After letting go of Craig Berube last May, the Toronto Maple Leafs have hired Jim Hiller to be the team’s new head coach.
Hiller was previously an assistant coach with the team from 2015 until 2019. Most recently, he was head coach of the Los Angeles Kings. He’ll be the 41st head coach in Leafs’ franchise history.
While we’d love to be optimistic, it’s difficult to be enthusiastic about anything hockey-related at the moment. Yesterday’s announcement that Hockey Night in Canada will no longer air on CBC because the public broadcaster and Rogers Communications couldn’t land on a sublicensing agreement is disheartening. A paid subscription will now be required to watch hockey in this country, and that’s a shame.
Far more disturbing was Ron MacLean’s wildly poor vocabulary choice during game six of the Stanley Cup finals. As a “fun spoof” referencing the movie The Hangover, MacLean, for some baffling reason, made a quip about roofies, a commonly known slang term for date-rape drugs. (He later apologized.)
If we were the face of a sport desperately trying to rehabilitate its image after a high-profile sexual assault trial, we’d probably not joke about drugs used to sexually assault people while they’re incapacitated.
And if we were in charge of hockey personnel-related announcements, we’d probably have waited for the public’s frustration toward both these recent missteps to die down.

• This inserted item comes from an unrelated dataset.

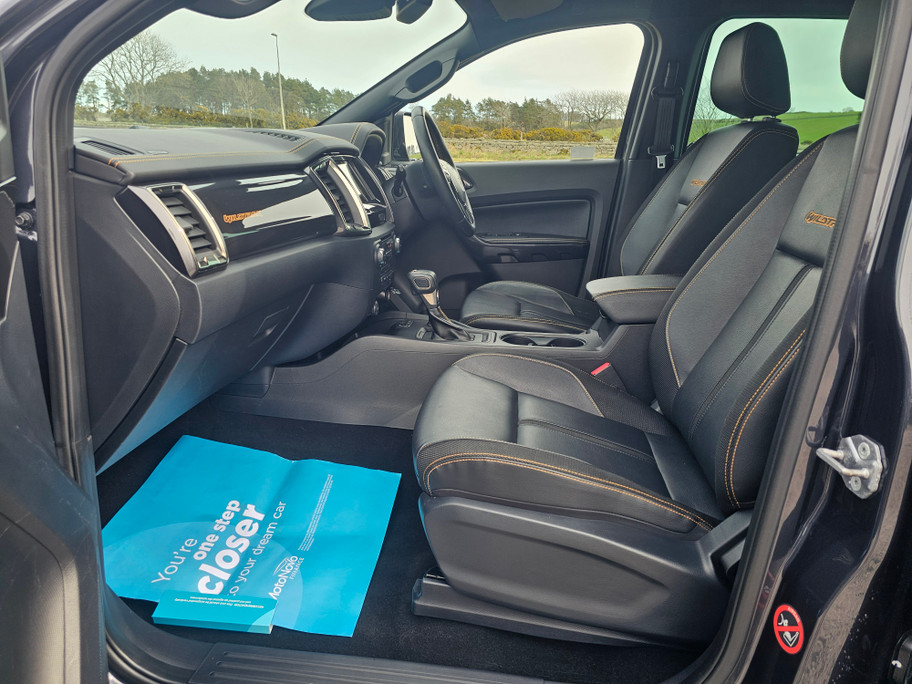 2019(19) Ford Ranger 2.0 WILDTRAK ECOBLUE AUTO NO VAT (30/08/2019)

But we don’t make the rules!
In a statement, Hiller said he’s excited to return to the Leafs. “This is a special organization with great players, passionate fans and high expectations,” he said. “I’m looking forward to getting to work with our players and staff and doing everything we can to help this team reach its full potential.”
Congrats to Hiller, and no pressure, but maybe he can fix hockey’s horrendous vibes while he’s at it.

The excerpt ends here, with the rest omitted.